Pennsylvania has certified its election results, but 64 state Republicans have signed a letter Friday urging Congress to not commit the state's 20 electoral votes for Democrat Joe Biden.
The congressional block of Pennsylvania's electors is "extremely unlikely," University of Iowa law professor Derek Muller told NBC-10 Philadelphia, particularly because it would require Democrat House members to support the contested Pennsylvania election results.
The 64 Pennsylvania lawmakers signing on to the letter still represent less than half of the GOP membership, per the report.
Democrat state Rep. Malcolm Kenyatta rebuked the Republican signatories as "hostages of their own misinformation campaign," per NBC-10 Philly.
Even Sen. Pat Toomey, R-Pa., a frequent critic of President Donald Trump,. vowed he "will not be objecting to Pennsylvania's slate of electors."
Still, legal scholars like Alan Dershowitz have hailed the Trump campaign's potential constitutional challenges in the state as credible, saying the legislature was unlawfully overridden on election law by Democrat leaders and their friends in the state courts.
Regardless, Pennsylvania Republicans will be introducing election law reforms, but they face a roadblock in approval by Democrat Gov. Tom Wolf.
"We'd like to tighten it up as soon as we can," state Senate Majority Leader Kim Ward, R-Westmoreland, told NBC-10 Philly. "We always have the hurdle of the governor, working with him, and if he doesn't like it, he just goes to the state Supreme Court."
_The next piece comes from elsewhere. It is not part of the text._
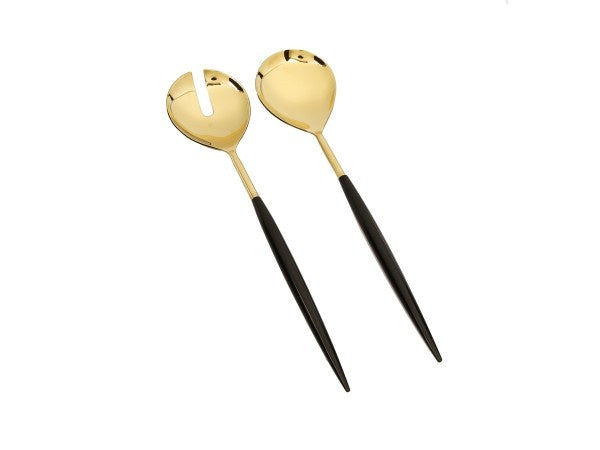 Classic Touch Shiny Gold/Black Salad Servers 2Pc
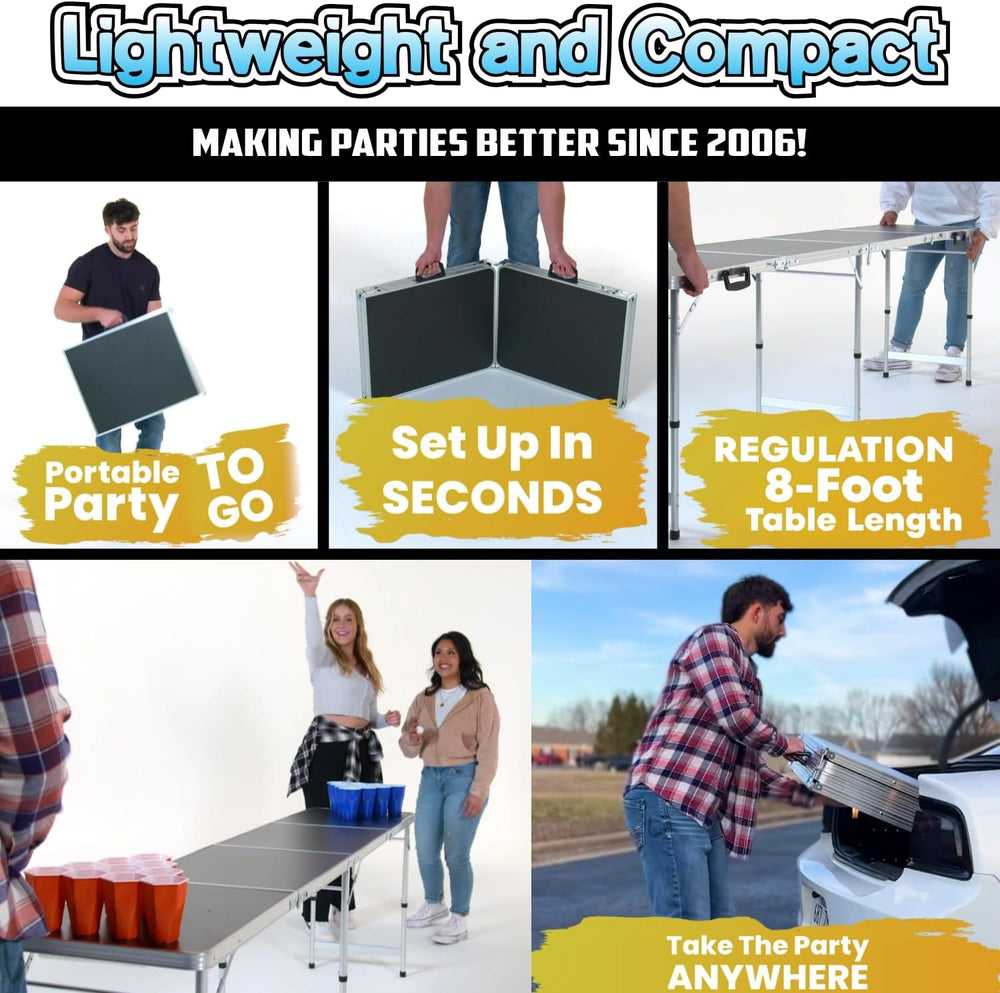 8-Foot Regulation Length Folding Table w/Optional Cup Holes, LED Lights, Cust...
Ward was a party to a state-GOP statement vowing to "investigate and seek answers to the questions presented in the 2020 General Election because it is 'crucial to restoring public confidence in elections.'"
"There are very legitimate and credible issues which need to be resolved after the 2020 election about the security of mail-in ballots and the process of counting votes," the statement read.
Democrats have objected to changes. State Senate Minority Leader Jay Costa, D-Allegheny, and House Minority Leader Joanna McClinton, D-Philadelphia, called efforts to reform their election law a "sham process."
"The votes, fairly cast, have been accurately counted and reported," their statement read, per the report. "It is time to move on and focus on a peaceful transition — rather than partisan efforts to undermine the results they don't like."